Sebelumnya, api yang membakar gedung Kejagung berasal dari bara rokok yang dibuang para pekerja bangunan ke polybag.
Awalnya para tesangka yang merenovasi aula Biro Kepegawaian itu mengumpukan sampah bekas pekerjaan mereka. Kemudian, sampah itu dimasukan kedalam tiga polybag atau kantong plastik besar. Termasuk putung rokok yang kemungkinan masih sedikit menyala.
Kemudian para tersangka meninggalkan aula itu. Mereka turun dari lantai 6 gedung Kejagung.

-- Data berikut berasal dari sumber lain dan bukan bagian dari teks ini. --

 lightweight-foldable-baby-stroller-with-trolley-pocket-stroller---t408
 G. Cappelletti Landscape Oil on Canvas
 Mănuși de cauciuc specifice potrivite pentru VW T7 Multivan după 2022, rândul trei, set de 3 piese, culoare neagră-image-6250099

Dengan adanya bara api di dalam polybag sehingga membakar sampah lainnya. Api besar pun muncul dan membakar benda-benda disekitarnya.

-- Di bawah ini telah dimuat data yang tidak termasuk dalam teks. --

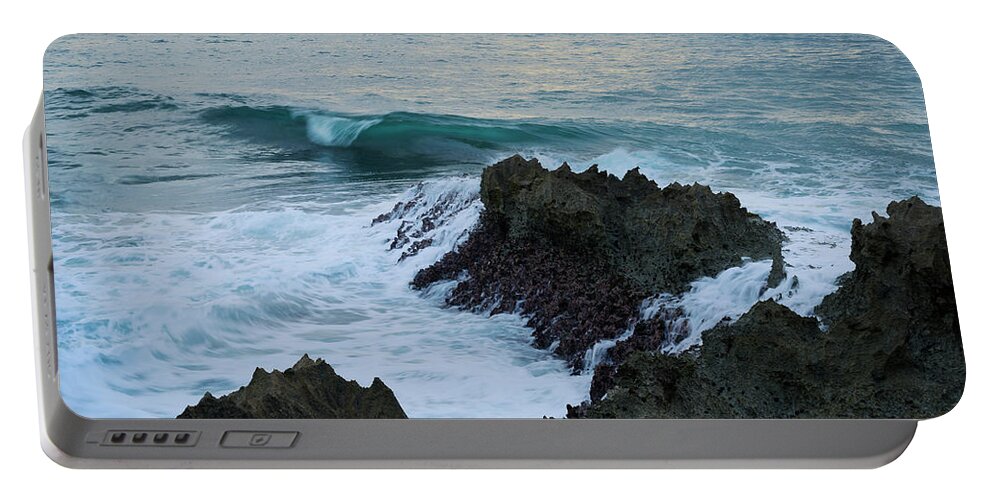 Hawaii Portable Battery Charger featuring the photograph Lava Seascape by James Covello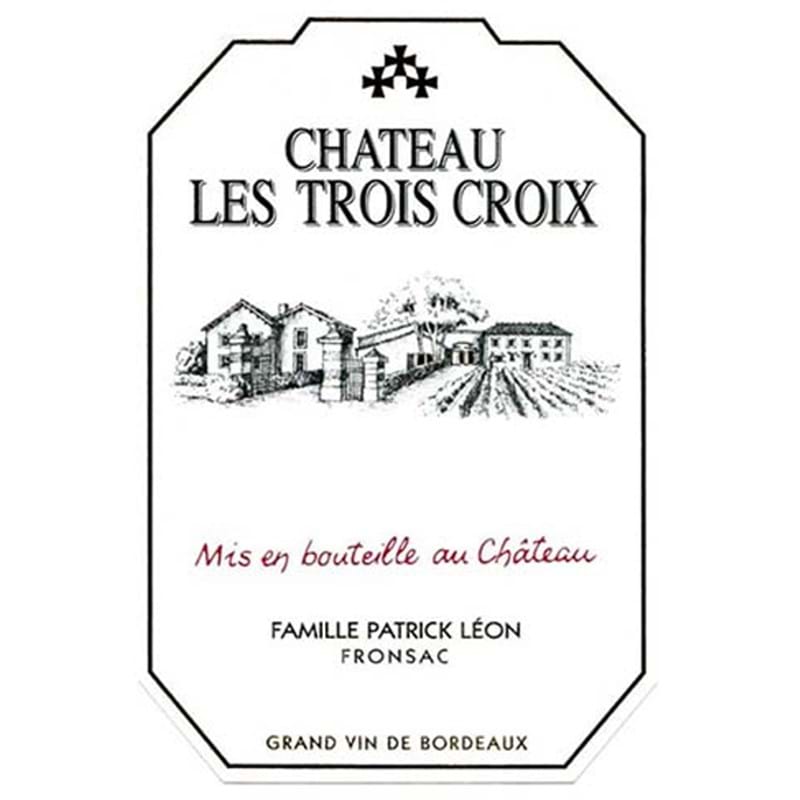 CHATEAU LES TROIS CROIX Fronsac 2019 Case x 6 Bottles - PRE-RELEASE Image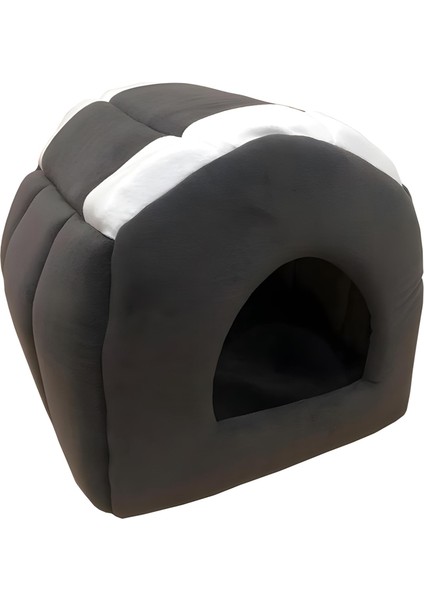 Kedi ve Küçük Köpek Kulübesi Gri 40X40X38CM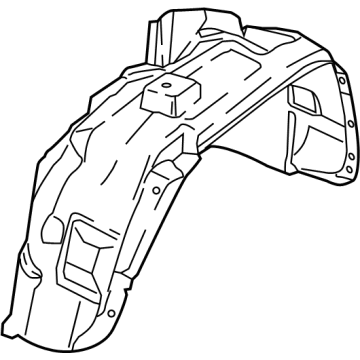 Jeep 68448352AA Fender Liner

Hingga akhirnya, api yang semakin besar membakar beberapa bagian gedung Kejagung.
Dalam perkara ini Bareskrim Polri menetapka delapan orang tersangka. Lima di antaranya merupakan pekerja bangunan.
Kelima pekerja bangunan itu berinisial T, H, S, K, dan IS. Mereka ditetapkan tersangka karena melanggar aturan tidak merokok di aula biro kepegawaian.
Sementara tiga lainnya yakni, UAM sebagai mandor, R yang merupakan Direktur PT ARM dan pejabat pembuat komitmen (PPK) Kejaksaan Agung, NH.
Penetapan tersangka terhadap UAM beralasan lantaran tidak mengawasi kelima tukang itu saat berkerja. Sementara, R dan NH ditetapkan tersangka karena membuat kesepakatan penggunaan cairan pembersih dash cleaner yang disebut mempercepat proses pembakaran.
Para tersangka dijerat dengan Pasal 188 KUHP juncto Pasal 55 dan Pasal 56 KUHP dengan ancaman 5 tahun penjara.